Хорошо, что я училась в школе № 100. Однажды утром прошел по школе слух (и Мария Федоровна все разузнала в учительской), что в школе № 110 девочка, дочь крупного военачальника Яна Гамарника[71]
, не пришла в школу, потому что ее отец застрелился. С этого началось.Для меня тюрьма означала не столько лишение свободы (ребенок не знает свободы), сколько истязания всякого рода. Это представление я получила из книг, особенно современных, где пугали пытками, которыми враги угрожали советским людям, не только взрослым, но и детям: «…он поднес раскаленную иглу к глазу девочки: «Ты будешь говорить?»» Я боялась, что, если дойдет до пыток, я не вынесу их и выдам кого-нибудь. Но тюрьма была составной частью жизни того времени. В Немчиновке Марию Федоровну чуть не увели в тюрьму. Владимир Михайлович просидел несколько месяцев в тюрьме. Мария Федоровна кому-то рассказывала, а я слышала, что еще в начале 20-х годов муж сестры Марии Евгеньевны сидел в тюрьме, как дворянин, и когда он передавал домой белье для стирки, оно было в крови. А Елизавета Федоровна рассказывала, что у них, тоже в 20-е годы, несмотря на наличие бабушки-политкаторжанки, был обыск, и ее маленький сын (тот, который потом стал адмиралом) бегал по квартире и кричал: «Уберите меня, а то я скажу что-нибудь лишнее». То, что нельзя «говорить лишнее», я поняла очень рано. Сказать лишнее, даже в шутку, означало погубить и потерять маму и попасть в детский дом. Мама как будто старалась никак не влиять на меня и оберегала от возможных страданий и потрясений, а Мария Федоровна своей подчас глупой, по моему мнению, приверженностью царской России (она, например, уверяла, что мотив, который тогда играли кремлевские куранты, это не Интернационал, а молитва «Коль славен наш Господь в Сионе») отвращала меня от всего дореволюционного. Я радостно следовала тому, чему учили в школе: любила вождей и ненавидела врагов народа. Но во мне произошло раздвоение: я искренно верила тому, чему меня учила школа, и так же искренно была уверена, что сажают, пытают и расстреливают невинных. Мама накупила мне книг по русской и древней истории, и, прочитав одну из книг о Грозном, я неожиданно для себя сказала маме: «Сталин — Иван Грозный, а Ежов — Малюта Скуратов». Мама погрозила мне пальцем и с шутливой угрозой в голосе сказала: «Женька!» Она очень редко употребляла пренебрежительную форму, но я почувствовала, что она довольна мной.

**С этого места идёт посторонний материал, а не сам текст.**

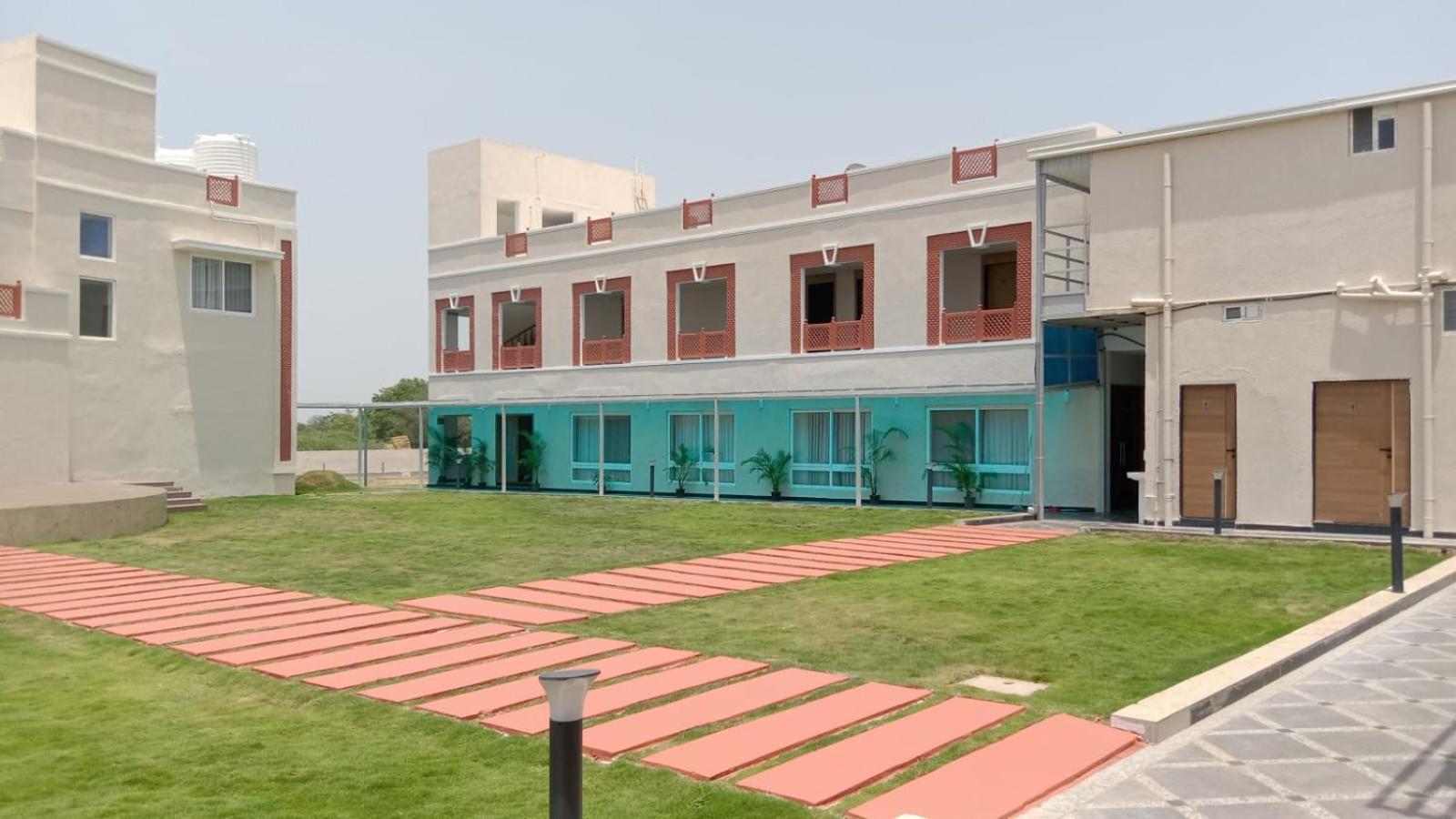 Hotel Brindavan Inn Shamirpet Exterior photo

Были процессы, проклятия и отчеты в газетах (по правде сказать, меня уже тогда удивляло, что защитника может назначать обвиняющая сторона). Мария Федоровна восхищалась Бухариным, который вел себя мужественнее других, — по ее мнению, вследствие своего дворянского происхождения[72]
. Позднее Мария Федоровна радовалась, что посадили Мейерхольда, которого она считала разрушителем театра. Не одна она, радовались многие (по разным причинам), что убирают ненавистных им людей. А насмешливые люди смеялись над тем, чем полагалось восхищаться: тетя Ида говорила, что станция метро на Арбатской площади похожа на «будку для продажи сельтерской воды», а в школе пели:Я стала представлять себе, что где-то есть человек, о котором никто не знает и который пишет правду. Став старше, я поняла, что не буду ни историком, ни юристом, чтобы не запачкаться ложью и жестокостью. Несмотря на порывы облагодетельствовать человечество, я чувствовала себя неспособной к убийству. В последнее лето перед смертью мамы я читала про Павлика Морозова: я не могла бы донести на маму, как он донес на отца. Любовь была для меня выше политики.
Я чувствовала, что в нашей жизни нет прочности, взрослые часто говорили: «Это надо оставить «на черный день»», и я ждала и боялась «черного дня». Во мне утвердился страх, который то рос, то уменьшался и так и не прошел.